In total, we conducted five focus groups with 31 participants. Since >8 eligible CU individuals and individuals with SCD wanted to participate, we held two focus groups with CU individuals (ngroup 1 = 6, ngroup 2 = 8), two focus groups with individuals with SCD (ngroup 3 = 6, ngroup 4 = 5) and one focus group with individuals with MCI and their care partners (ngroup 5 = 6). After these five focus groups, data saturation was reached (see ‘Analysis’ section). Table 1 shows an overview of participant characteristics per diagnostic group. On average, participants were 70 ± 6 years (range: 58–85), 19 (61%) were female and the mean years of education was 12 ± 3 (range: 8–17).
Participant characteristics.
Note. CU = cognitively unimpaired; SCD = subjective cognitive decline; MCI = mild cognitive impairment; SD = standard deviation; N/A = not available, as age and education level of the care partners were not asked.
Procedures
Each focus group was led by two moderators, rotating between MK, RB, SL, and an assistant (ML), and designed to last approximately two hours. The moderators had no prior relationship with the participants. Two of the moderators were trained in conducting qualitative research, and subsequently trained the third moderator. Focus groups were recorded using the Olympus digital voice recorder VN-731PC and the recordings were saved in a secured environment of the Amsterdam UMC.
During an introduction round, the moderators were introduced as researchers in the field of DCAs. To ensure the use of consistent terminology in discussions during the focus group, a short presentation was given by the researcher leading the group. First, the definitions of AD and dementia were explained, and differences between paper-and-pencil tests and DCAs were described. To concretize the concept of DCA we presented participants with three examples of different types of DCAs (Figure 1).

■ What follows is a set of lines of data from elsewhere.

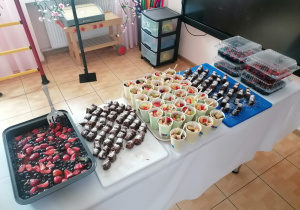 Na stole umieszczono; galaretkę owocową, ciasto marchewkowe i sałatkę owocową w kubeczkach.
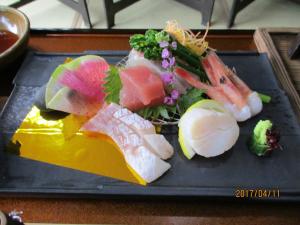 丰冈市米哈拉索日式旅馆的桌上的盘子,包括寿司和蔬菜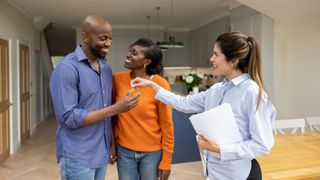 couple taking keys from estate agent in house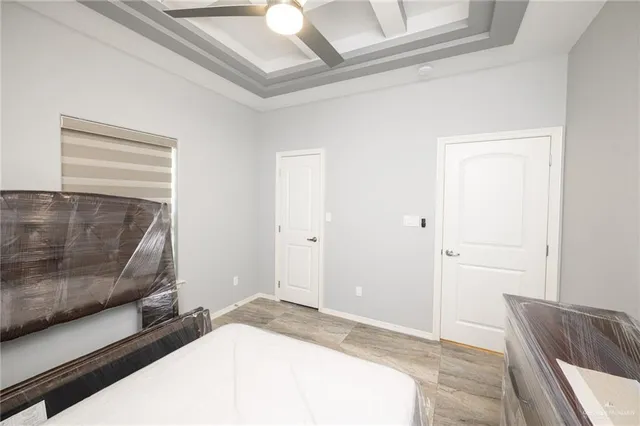 a bedroom with a bed and couch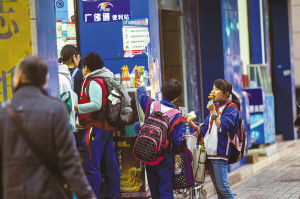 　　放学后，卫国路一士多店门口，不少小学生聚在此处吃零食。/组图由佛山日报记者王伟楠摄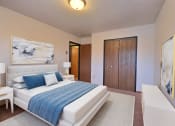 Thumbnail 4 of 26 - a bedroom with a bed and a chair in a room. Fargo, ND Village West Apartments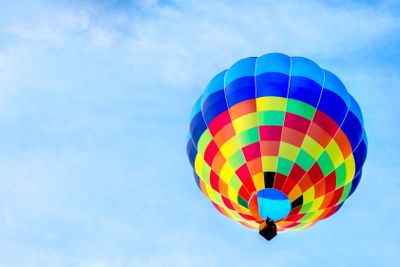 sinlge hot air balloon colorful blue sky background fly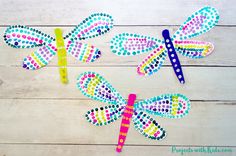 three colorful dragon shaped paper clips sitting on top of a white wooden table next to a pencil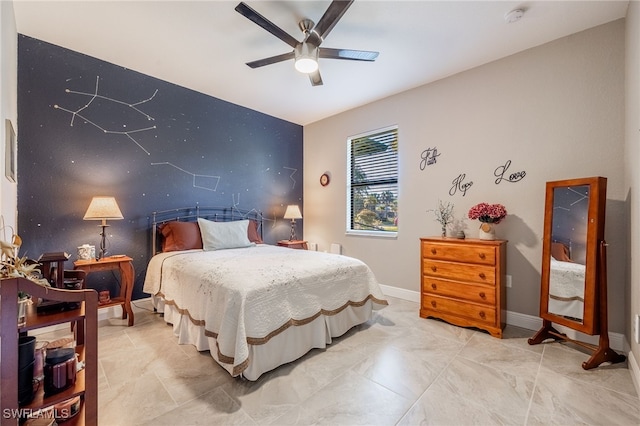 bedroom featuring baseboards, ceiling fan, and an accent wall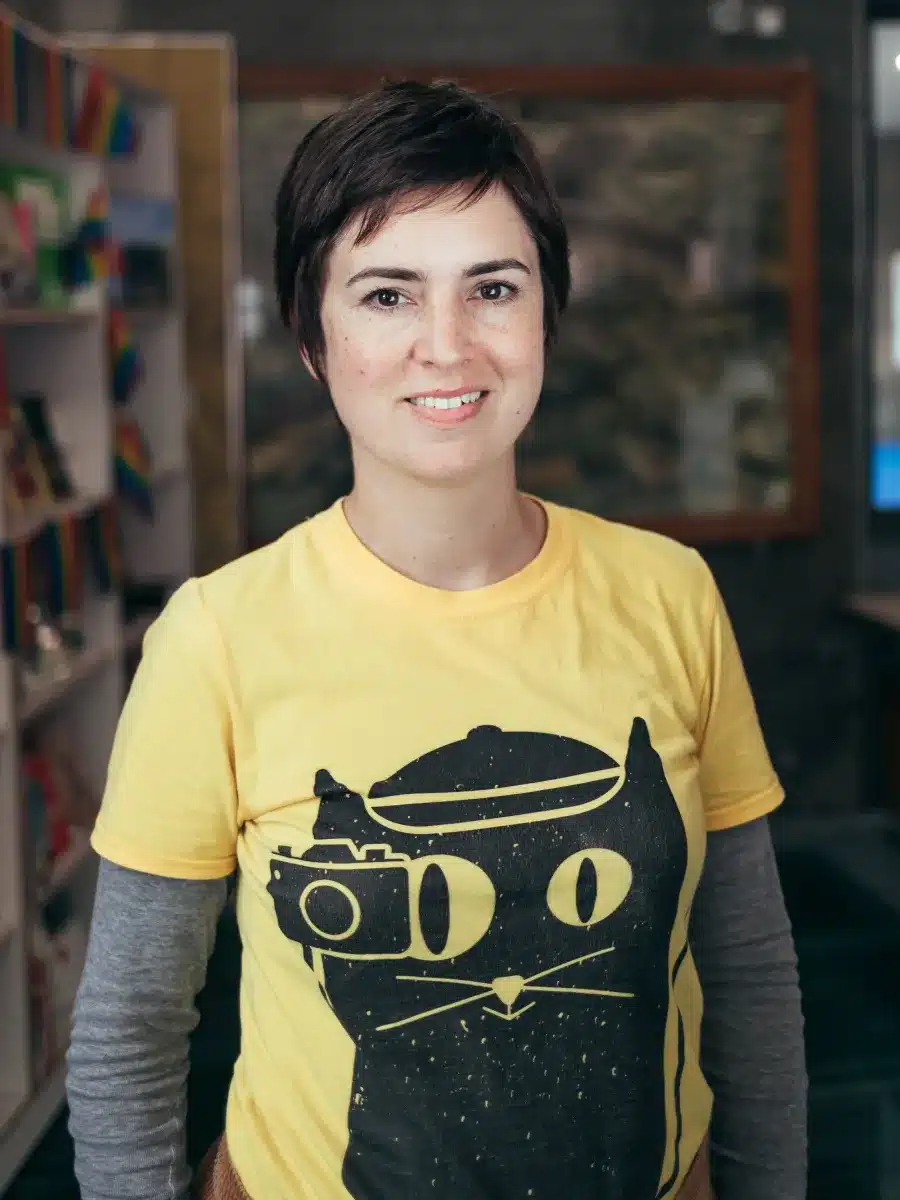 A smiling person with short brown hair wears a yellow shirt featuring a black cat graphic and stands indoors, with bookshelves and colourful items blurred in the background.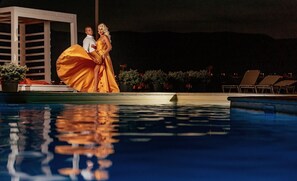 A couple by a pool with a white structure and lounge chairs in the background. - Riviera by Queens (Drobeta-Turnu Severin)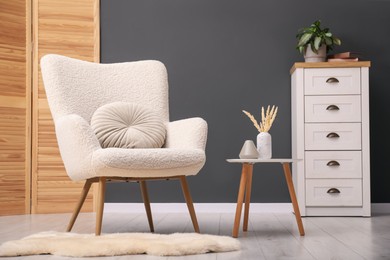 Photo of Contemporary armchair with pillow, side table and chest of drawers indoors. Interior design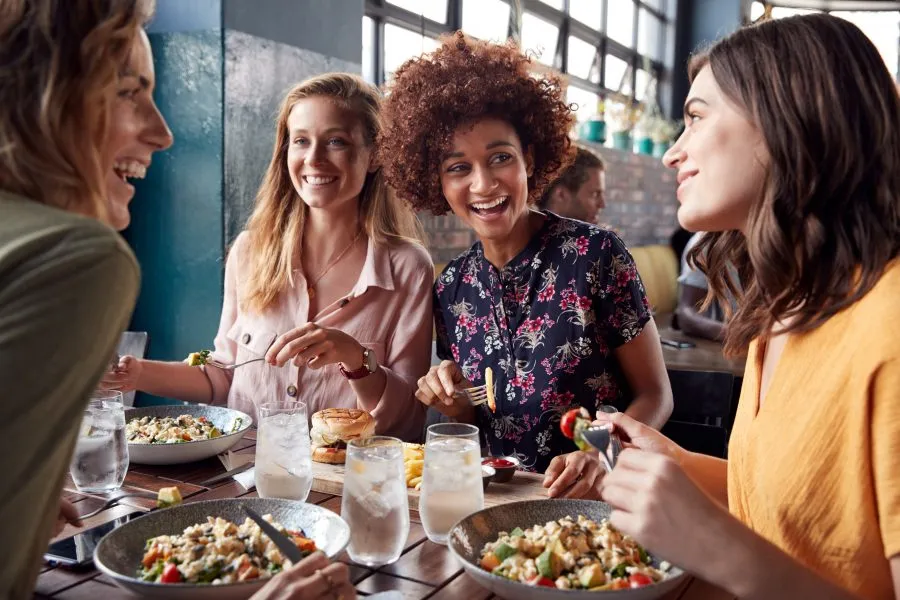 four friends having dinner at a restaurant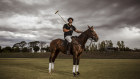 Tolga Kumova (pictured at his polo farm) is suing the owner of a social media account that accused him of insider trading. 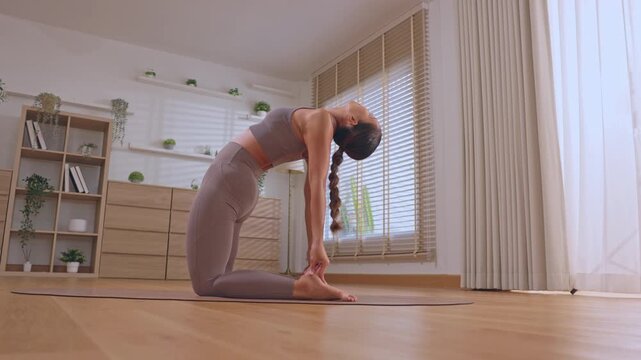 Woman yoga mat home exercise kneeling stretch backbend indoor wellness fitness pose calm focus bright room window floor posture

These comprised (A) cCOG, 28 an active test including tasks such as recognizing fragmented letters and word list learning; (B) the Winterlight Assessment, 29 a speech assessment that records speech for example during picture descriptions; and (C) Neurokeys, 30 a passive measurement assessing everyday typing behaviour on a smartphone (e.g. key strokes). After this introduction, participants were invited to take part in the discussion about facilitators and barriers for using a DCA. To facilitate the discussion, green and red post-its were provided, and participants were instructed to individually write down factors that would hinder or stimulate them to use DCAs such as the ones presented. Thereafter, the differences and similarities of the identified barriers and facilitators were discussed in pairs. Afterwards, all facilitators and barriers were collected and elaborated upon in a group discussion, to gain more insight in the reasoning behind these factors. The focus group procedure and questions were pilot-tested in a group of colleagues with specific expertise in cognitive testing, including neuropsychologists, neuroscientists, clinicians and researchers. Based on this initial pilot-test, the focus group procedure was refined. Further adaptations to the procedure took place after the first focus group. Initially, we aimed to collect the post-its with facilitators and barriers on a single sheet, but as we noticed this was not practical and distorted the flow of the discussion, we further refined the focus group procedure by omitting this step in the following focus groups. The focus group procedure is visualized in Supplementary Figure 1.

Overview of digital cognitive assessments presented as examples during the focus groups.
Analysis
The data were analysed using MAXQDA software, 31 following the phases of thematic analysis by Clarke and Braun. 32 First, the focus group audio recordings were transcribed verbatim, by ML and SL. Second, two authors, SL and RB, independently generated initial codes for the first transcript, which were derived bottom-up from the data. A meeting was held to discuss these codes and come to agreement. Coding of the remaining transcripts was then divided by SL and RB. After coding five focus groups, these authors noted that there were mainly recurring codes and agreed that data saturation was reached, and therefore no additional focus groups were necessary. Thereafter, overarching themes and sub-themes were derived from the initial codes during a consensus meeting. Finally, in an iterative process of translating, renaming and reviewing themes by four of the authors (SL, RB, WF, and SS), a final agreement was reached on the themes and subthemes. Thereafter, the identified subthemes were narratively compared across diagnostic groups.
Results
The data showed three overarching main themes that followed the sequence of patients’ questions along the diagnostic journey, as depicted in Figure 2. The identified themes were (1) test motivation (‘Do I want to know my brain health?’); (2) digital test suitability (‘Do I want to use a digital test?’); and 3) digital test characteristics (‘What makes a digital test a good test for me?’). Within each main theme several subthemes were identified, which revealed large variation in personal preferences, as evidenced by identification of variable and contradictory barriers and facilitators between and within diagnostic groups. The three main themes and their sub-themes are described in the following three subsections. Subthemes are marked in bold in the text below. In Supplementary Table 1, an overview is provided of the identified themes per diagnostic group.

Facilitators and barriers for the use of digital cognitive assessments.
Test motivation
Focus group results concerning the question ‘Do I want to know my brain health?’ indicated that test motivation was on the one hand facilitated by the prospect of Well, it’d be a motivator for me for sure, wanting to get an early diagnosis. (CU)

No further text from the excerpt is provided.